Traduzione di Pietro Marchesani

Nei suoi versi la poetessa polacca, Premio Nobel per la Letteratura nel 1996, innumerevoli volte  si interroga sul significato del Tempo e della Storia e le scoperte dell’Archeologia diventano per lei un modo efficace per evocare un Passato che ancora si rivela capace di provocare domande sul senso e sulle contraddizioni dell’ esistenza. Così, in una lingua apparentemente così lontana dalla nostra, si formula il quesito “Co z nimi zrobić, co zrobić”: Che farne, che farne? di queste altre città…di troppo per una epopea.

Ho pensato a questi versi, nello scrivere la presentazione al libro sulla Carta Archeologica di Vaste, curato da Giovanni Mastronuzzi, da Fabrizio Ghio e da Valeria Melissano, e mi sono convinto che gli autori abbiano trovato la risposta giusta, quella cioè di contribuire alla sua salvaguardia, raccogliendo, in modo sistematico e secondo le più aggiornate metodologie cartografiche, tutte le informazioni su questo straordinario centro messapico e sul territorio, considerato nel suo sviluppo diacronico sino all’età medievale.

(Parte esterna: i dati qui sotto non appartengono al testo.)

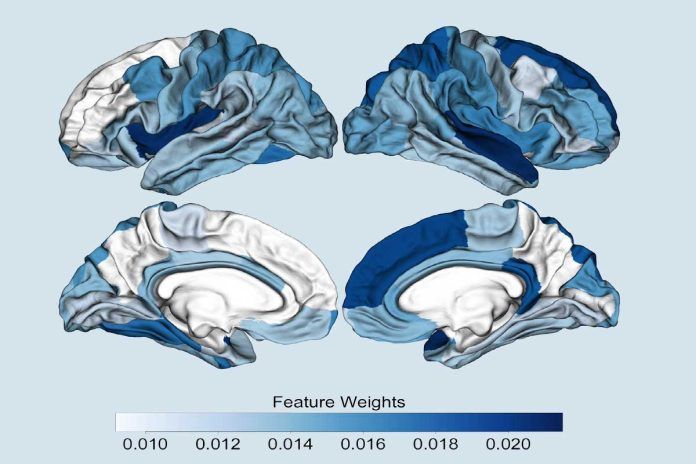 Psicosis: nueva herramienta para predecir su aparición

Base di partenza di questo lavoro è stata la Carta Archeologica di Vaste, pubblicata nel 1981 da Gianni Carluccio; al suo entusiasmo si deve l’impulso ad iniziare un progetto sistematico di scavo in questa parte così sensibile della penisola salentina, posta in un entroterra direttamente legato agli insediamenti costieri di Otranto, approdo commerciale dell’Adriatico sino dall’età del Ferro, e di Castro che, in particolare negli ultimi anni, ha restituito i tesori d’arte del suo Santuario di Atena, posto sui “turriti scopuli” del promontorio iapigio.